だって万が一ってあるし。後々恨まれるのはやだ。不必要な恨みを買う気はないのだ。そこんとこどうなの?
「ふっ、彼等を心配して‥‥レティは何て優しい子だろう」
感極まった感じでこっちを見ないで欲しい。保身のためだもん、褒められるとチクチクと何かが刺さる。
「‥‥‥承諾‥‥ああ、問題ないから心配はいらないよ」
ちらりと二人に視線を落とした義兄と目が合った彼等がビクついたのは…触れてはいけないやつだ。まぁ了承したのは義兄だ。恨むならこやつで。
「レティ、出来なくても構わないからね。無理だけはしないで」
俺の諦めモードを納得と捉えた義兄は、殊更、穏やかな口調だ。手を当てた背中に温もりが伝わり触れた暖かさが知らずと力んでいた俺の緊張を和らげた。

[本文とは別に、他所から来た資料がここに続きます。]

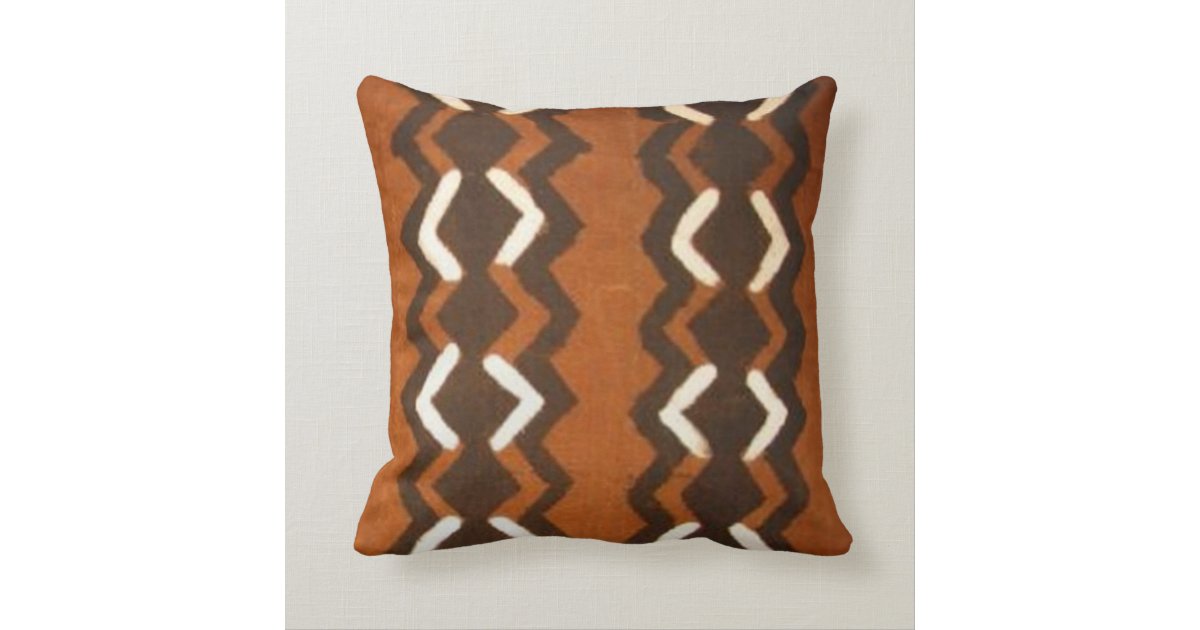 Kenyan Mud Cloth Pattern Pillow Zazzle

最悪なパターンを想定してちょっと緊張してたんだ。ああそうだよ、魔力操作は力んでするもんじゃないよね。義兄の話を思い出し、気を引き締める。
‥‥今まで勢いで相手の魔力を吸い取っていたけど、そのやり方では、特殊な術である『隷属』には通用しないかも。解術も正規の手順じゃないのだ妙な反発が生じる可能性だって大いにある。
不安に駆られる俺に安心させようと『過去に解術を試みた者が失敗しても無害だったと聞く。レティは失敗しても大丈夫だから気負わずにね』いやいやいや、その言い方だと契約者は無事じゃないよね。余計不安になるわ。
‥‥義兄よ、ハードル上げないで。
ふぅーと軽く息を吐き、肩の力を抜く。
隷属の契約は完全支配だ。
正規の契約魔法は相互理解・合意の上でなければ締結できない。詐欺契約も命を奪うほどの拘束力はない。だが、これは違う。人間の尊厳を奪うものだ。
顔には出さないが義兄の焦りは良く判る。人攫い組織に狙われているレティエルが、この術の餌食にならないと誰が言える。高確率で施されるだろう。それが分かるだけに俺も義兄も無茶な解術を試すのだ。
人助けじゃない、我が身可愛さだから俺も大概だね。
こうして被害者を目の当たりにすると現実味が帯びて他人事とは思えない。そう、明日は我が身ってやつ。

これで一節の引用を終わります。